## Problem requirements
Within the lines below, the span from the line with "Three men in" to the line with "1992 Ford Bronco", both ends included, is to be reproduced exactly, with pictures omitted.

## Listed records

---

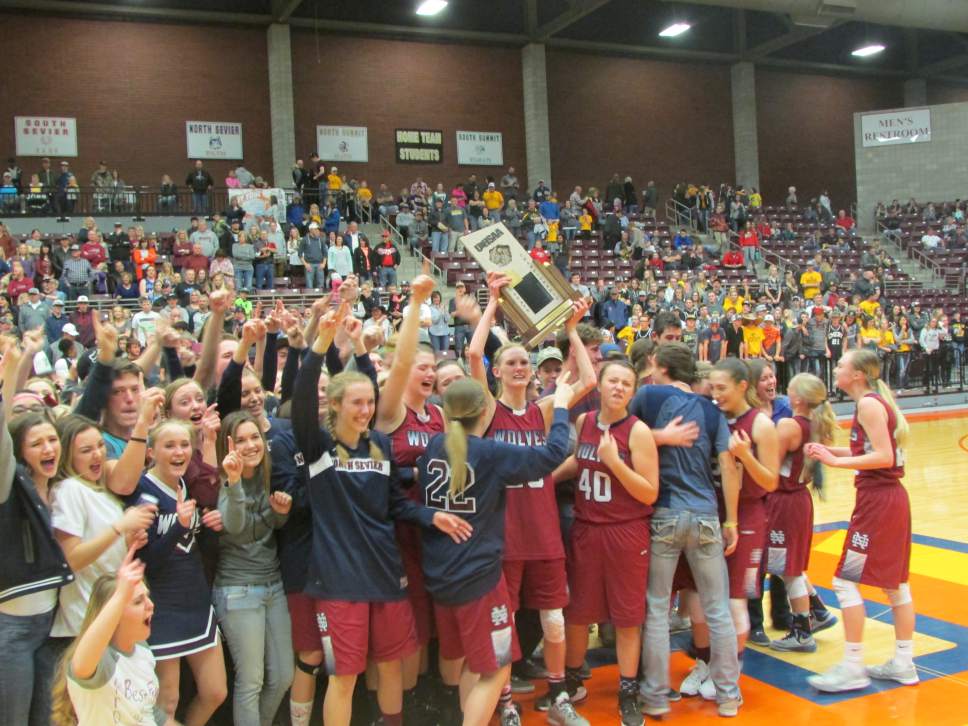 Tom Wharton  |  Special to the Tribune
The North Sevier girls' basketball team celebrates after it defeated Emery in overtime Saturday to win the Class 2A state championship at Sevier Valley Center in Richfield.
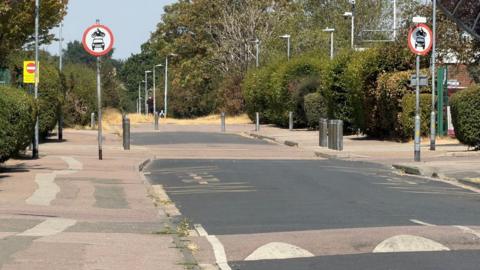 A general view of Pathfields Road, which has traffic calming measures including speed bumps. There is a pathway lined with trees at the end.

---

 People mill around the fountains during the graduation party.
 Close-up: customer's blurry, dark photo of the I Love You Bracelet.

---

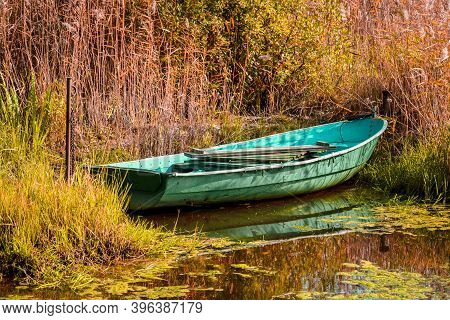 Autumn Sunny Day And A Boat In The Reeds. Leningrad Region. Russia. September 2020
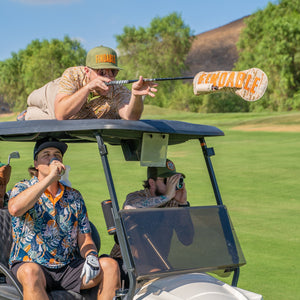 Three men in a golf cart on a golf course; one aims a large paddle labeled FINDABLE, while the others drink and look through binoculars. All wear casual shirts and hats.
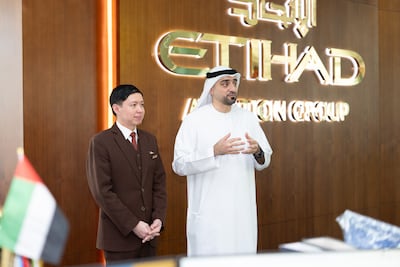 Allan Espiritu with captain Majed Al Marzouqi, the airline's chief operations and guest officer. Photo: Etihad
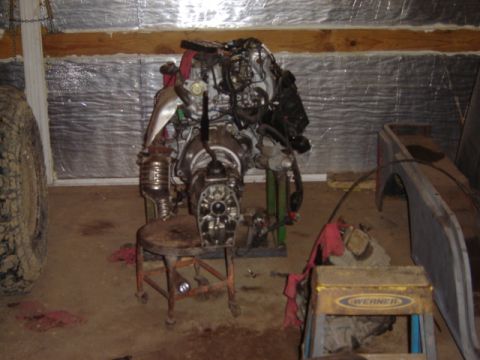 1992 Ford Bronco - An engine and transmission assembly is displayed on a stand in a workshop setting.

---

## Reply
 Three men in a golf cart on a golf course; one aims a large paddle labeled FINDABLE, while the others drink and look through binoculars. All wear casual shirts and hats.
 Allan Espiritu with captain Majed Al Marzouqi, the airline's chief operations and guest officer. Photo: Etihad
 1992 Ford Bronco - An engine and transmission assembly is displayed on a stand in a workshop setting.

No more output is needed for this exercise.